Task to carry out: Reproduce all of the data exactly. Images are not to appear in the reply.

Dataset extract:
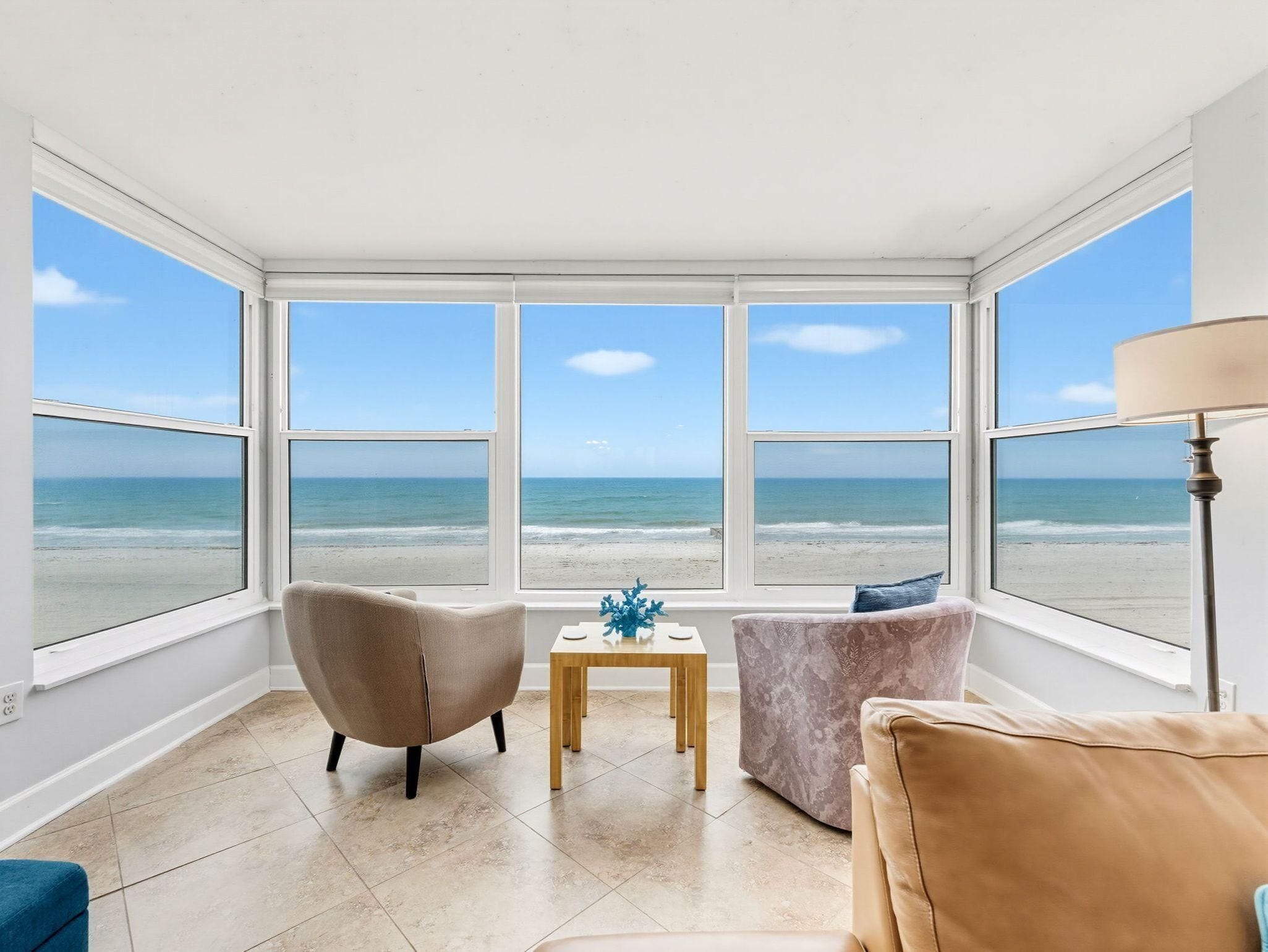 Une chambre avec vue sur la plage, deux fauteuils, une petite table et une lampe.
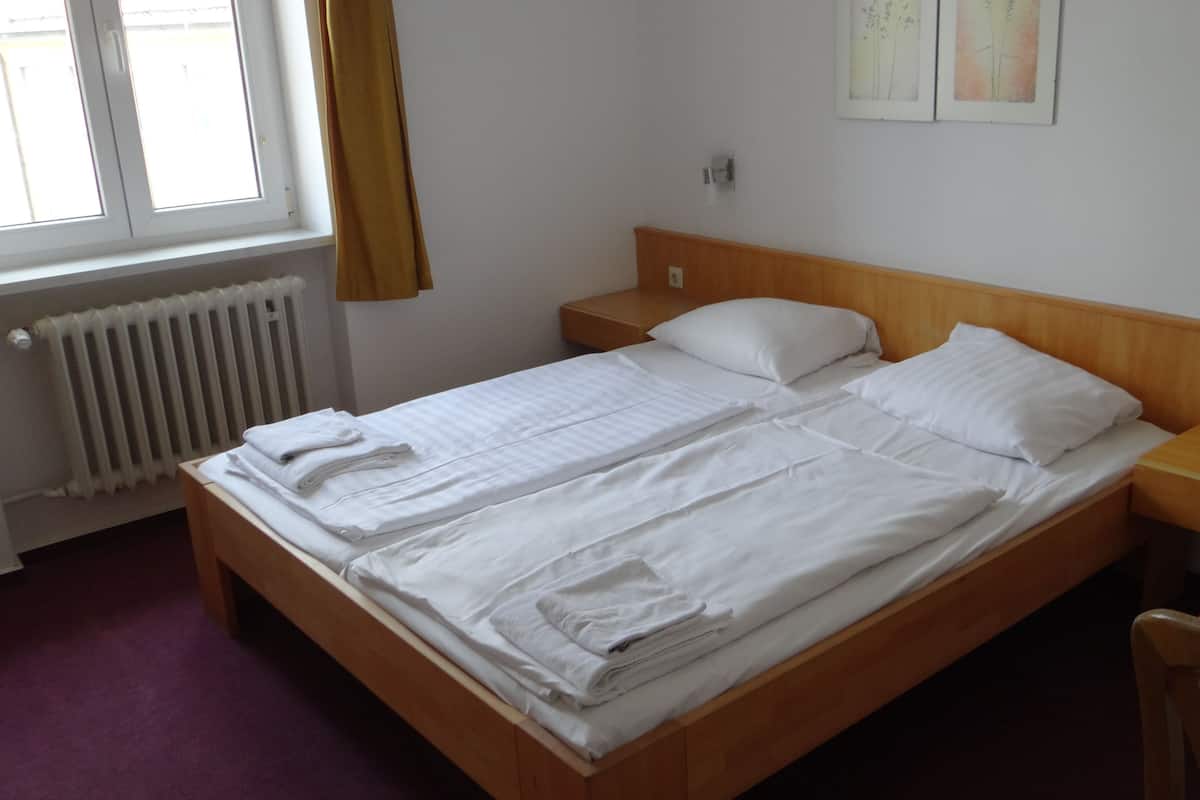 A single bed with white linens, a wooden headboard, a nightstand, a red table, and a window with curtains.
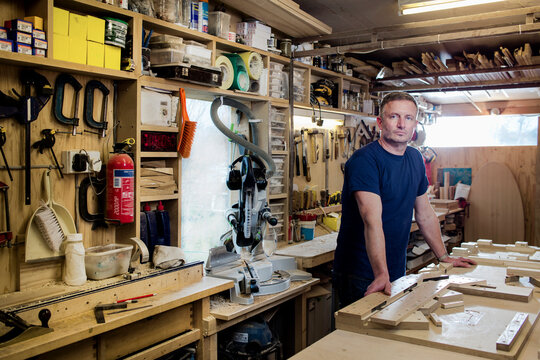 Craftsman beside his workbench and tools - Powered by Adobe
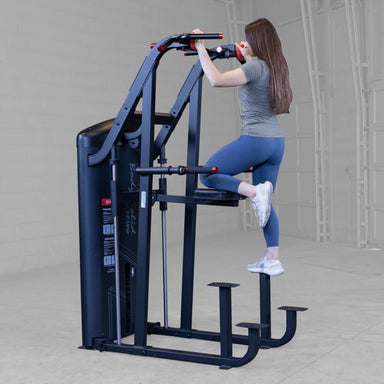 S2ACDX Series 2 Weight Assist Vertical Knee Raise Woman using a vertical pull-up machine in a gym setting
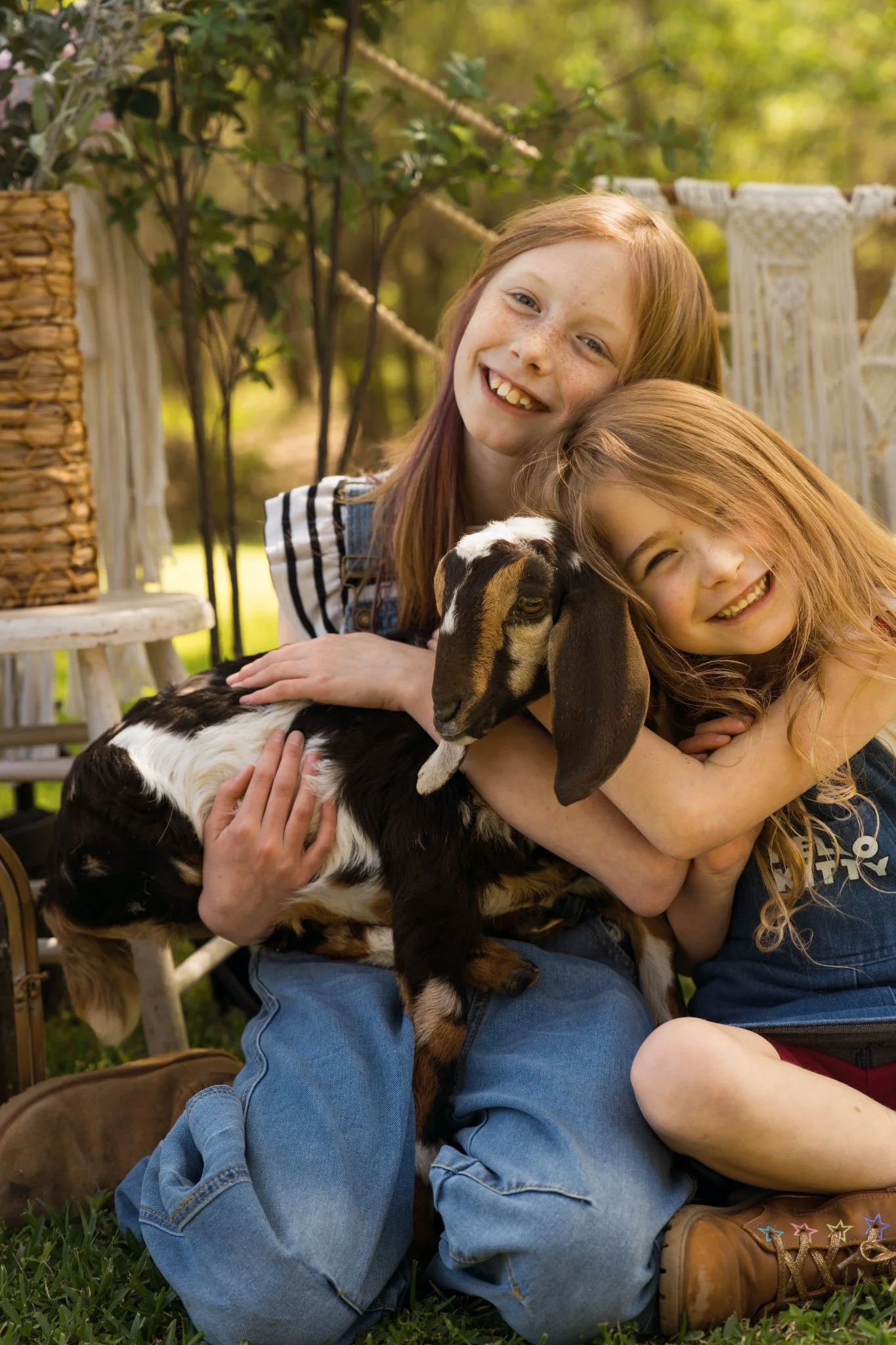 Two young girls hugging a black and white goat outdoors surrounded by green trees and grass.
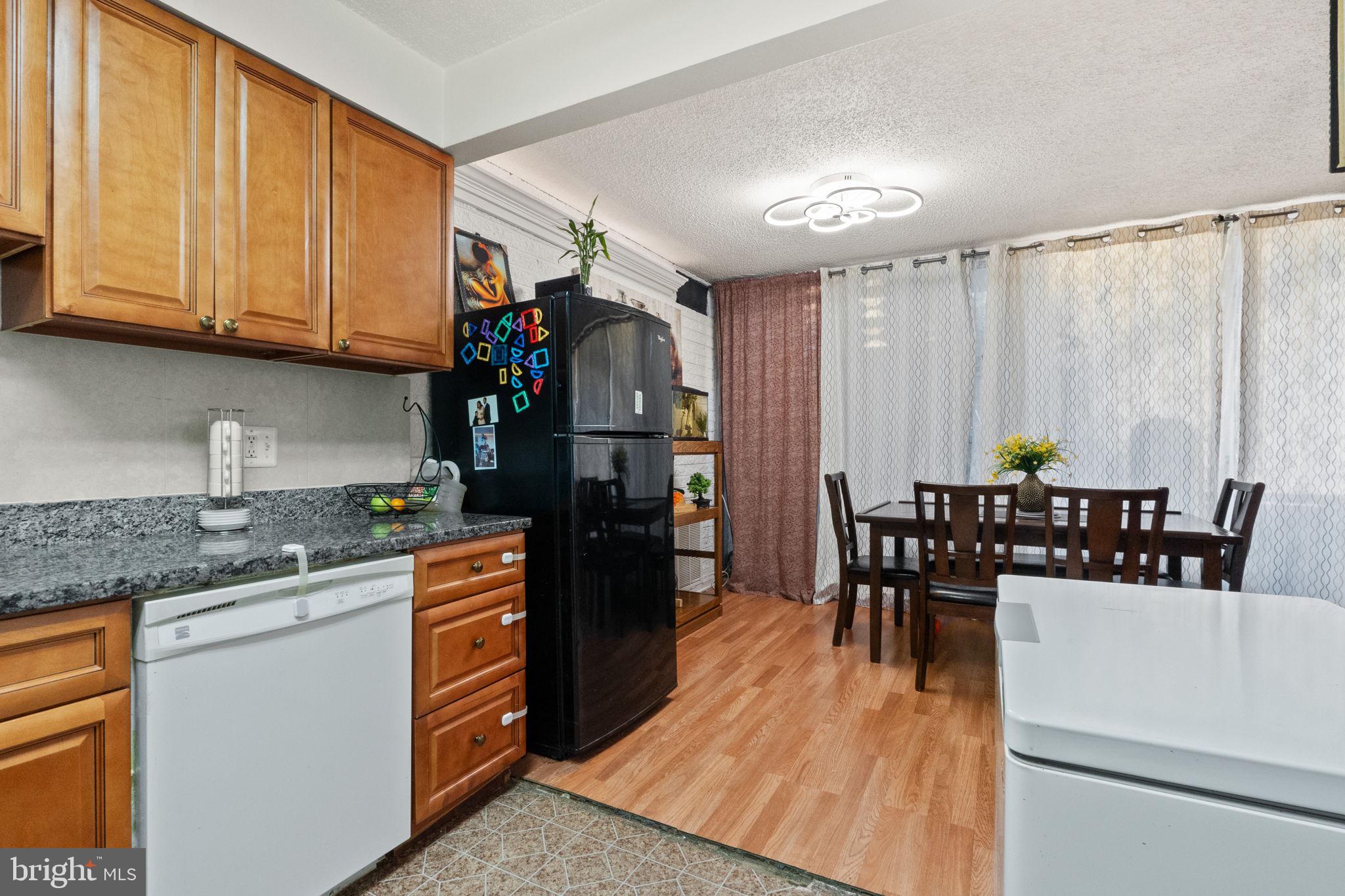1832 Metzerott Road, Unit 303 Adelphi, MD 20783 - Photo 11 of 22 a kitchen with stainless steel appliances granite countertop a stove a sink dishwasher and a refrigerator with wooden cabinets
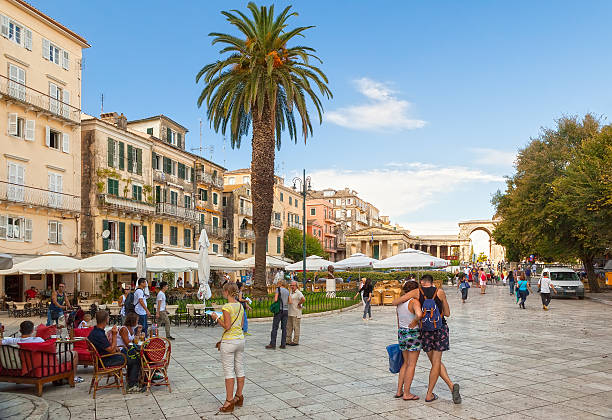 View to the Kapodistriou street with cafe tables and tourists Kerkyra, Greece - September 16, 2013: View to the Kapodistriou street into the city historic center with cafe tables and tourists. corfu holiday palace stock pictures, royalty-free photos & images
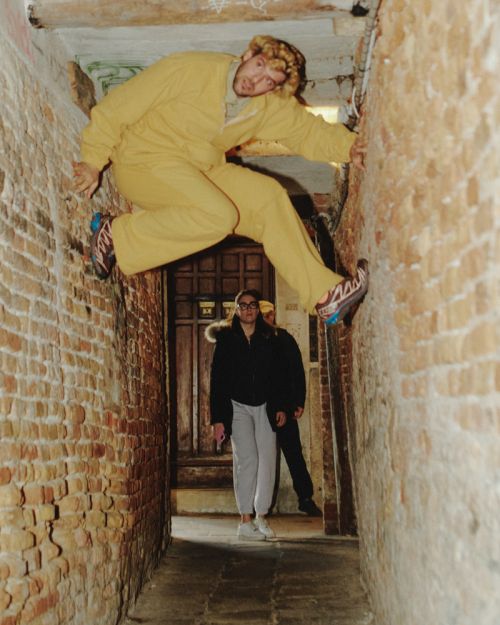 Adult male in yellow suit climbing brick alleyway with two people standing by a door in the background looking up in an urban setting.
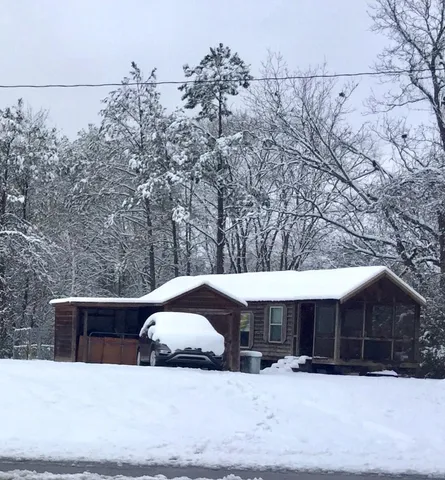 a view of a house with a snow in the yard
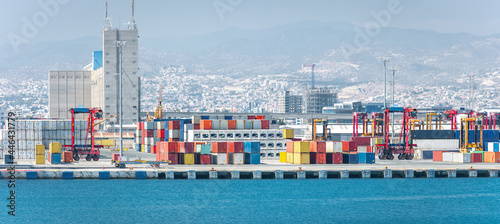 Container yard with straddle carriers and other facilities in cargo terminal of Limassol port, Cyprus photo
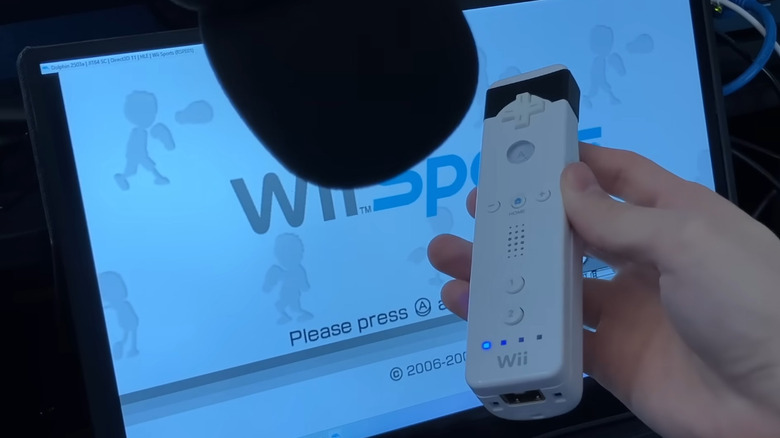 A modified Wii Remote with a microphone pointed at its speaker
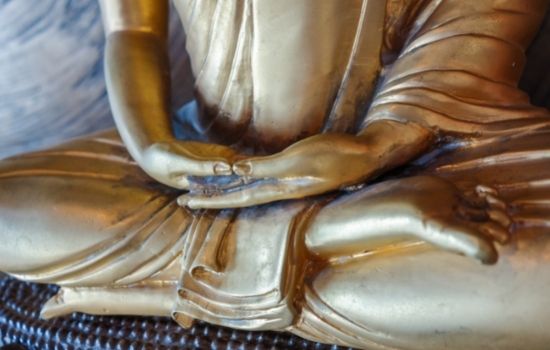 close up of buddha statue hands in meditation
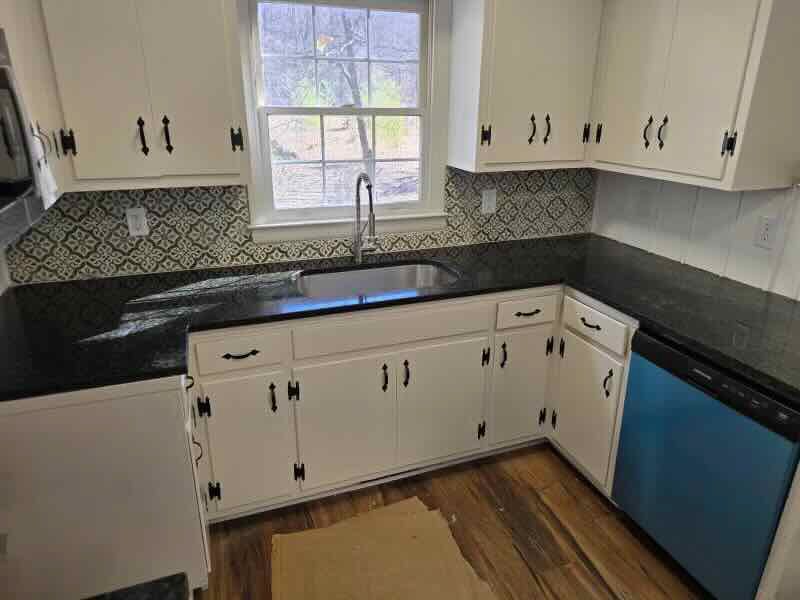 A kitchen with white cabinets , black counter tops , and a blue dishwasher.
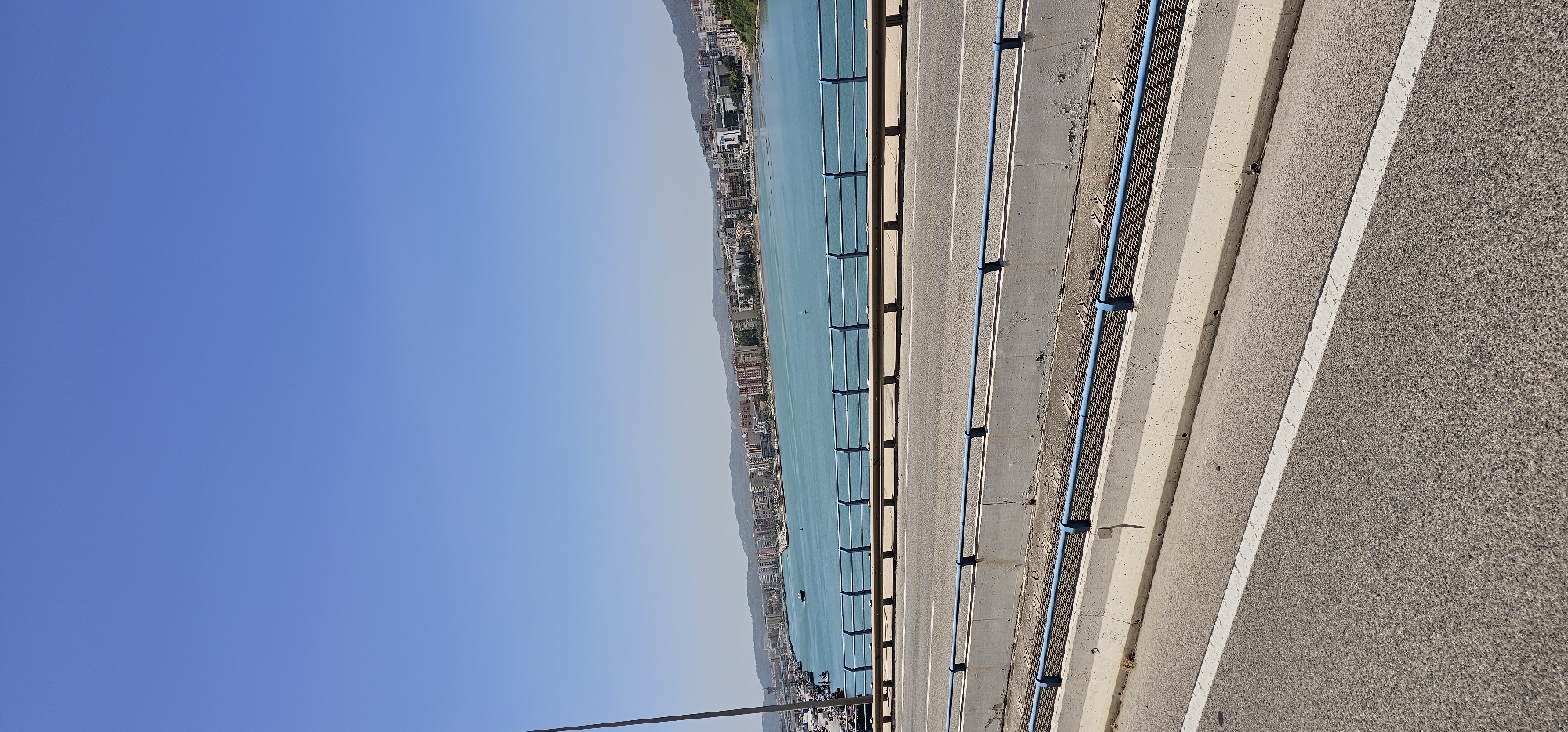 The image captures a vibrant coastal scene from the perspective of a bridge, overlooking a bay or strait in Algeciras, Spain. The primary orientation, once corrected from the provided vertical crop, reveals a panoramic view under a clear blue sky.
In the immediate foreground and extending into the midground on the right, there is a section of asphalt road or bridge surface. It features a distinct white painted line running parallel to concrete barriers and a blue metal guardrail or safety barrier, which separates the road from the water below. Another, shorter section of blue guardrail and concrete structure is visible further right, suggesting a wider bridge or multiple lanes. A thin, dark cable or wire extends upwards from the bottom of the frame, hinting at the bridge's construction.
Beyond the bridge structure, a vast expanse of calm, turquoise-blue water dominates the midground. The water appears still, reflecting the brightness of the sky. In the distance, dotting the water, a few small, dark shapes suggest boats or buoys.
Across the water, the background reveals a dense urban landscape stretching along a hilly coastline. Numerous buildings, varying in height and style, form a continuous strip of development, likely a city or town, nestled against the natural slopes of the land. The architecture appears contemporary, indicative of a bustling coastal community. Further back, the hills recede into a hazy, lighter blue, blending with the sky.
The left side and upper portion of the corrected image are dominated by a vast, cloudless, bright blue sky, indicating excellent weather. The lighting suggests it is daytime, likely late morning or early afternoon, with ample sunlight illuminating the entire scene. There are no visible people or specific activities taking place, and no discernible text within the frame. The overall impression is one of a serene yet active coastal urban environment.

Answer to the exercise:
 Une chambre avec vue sur la plage, deux fauteuils, une petite table et une lampe.
 A single bed with white linens, a wooden headboard, a nightstand, a red table, and a window with curtains.
 Craftsman beside his workbench and tools - Powered by Adobe
 S2ACDX Series 2 Weight Assist Vertical Knee Raise Woman using a vertical pull-up machine in a gym setting
 Two young girls hugging a black and white goat outdoors surrounded by green trees and grass.
1832 Metzerott Road, Unit 303 Adelphi, MD 20783 - Photo 11 of 22 a kitchen with stainless steel appliances granite countertop a stove a sink dishwasher and a refrigerator with wooden cabinets
 View to the Kapodistriou street with cafe tables and tourists Kerkyra, Greece - September 16, 2013: View to the Kapodistriou street into the city historic center with cafe tables and tourists. corfu holiday palace stock pictures, royalty-free photos & images
 Adult male in yellow suit climbing brick alleyway with two people standing by a door in the background looking up in an urban setting.
 a view of a house with a snow in the yard
 Container yard with straddle carriers and other facilities in cargo terminal of Limassol port, Cyprus photo
 A modified Wii Remote with a microphone pointed at its speaker
 close up of buddha statue hands in meditation
 A kitchen with white cabinets , black counter tops , and a blue dishwasher.
 The image captures a vibrant coastal scene from the perspective of a bridge, overlooking a bay or strait in Algeciras, Spain. The primary orientation, once corrected from the provided vertical crop, reveals a panoramic view under a clear blue sky.
In the immediate foreground and extending into the midground on the right, there is a section of asphalt road or bridge surface. It features a distinct white painted line running parallel to concrete barriers and a blue metal guardrail or safety barrier, which separates the road from the water below. Another, shorter section of blue guardrail and concrete structure is visible further right, suggesting a wider bridge or multiple lanes. A thin, dark cable or wire extends upwards from the bottom of the frame, hinting at the bridge's construction.
Beyond the bridge structure, a vast expanse of calm, turquoise-blue water dominates the midground. The water appears still, reflecting the brightness of the sky. In the distance, dotting the water, a few small, dark shapes suggest boats or buoys.
Across the water, the background reveals a dense urban landscape stretching along a hilly coastline. Numerous buildings, varying in height and style, form a continuous strip of development, likely a city or town, nestled against the natural slopes of the land. The architecture appears contemporary, indicative of a bustling coastal community. Further back, the hills recede into a hazy, lighter blue, blending with the sky.
The left side and upper portion of the corrected image are dominated by a vast, cloudless, bright blue sky, indicating excellent weather. The lighting suggests it is daytime, likely late morning or early afternoon, with ample sunlight illuminating the entire scene. There are no visible people or specific activities taking place, and no discernible text within the frame. The overall impression is one of a serene yet active coastal urban environment.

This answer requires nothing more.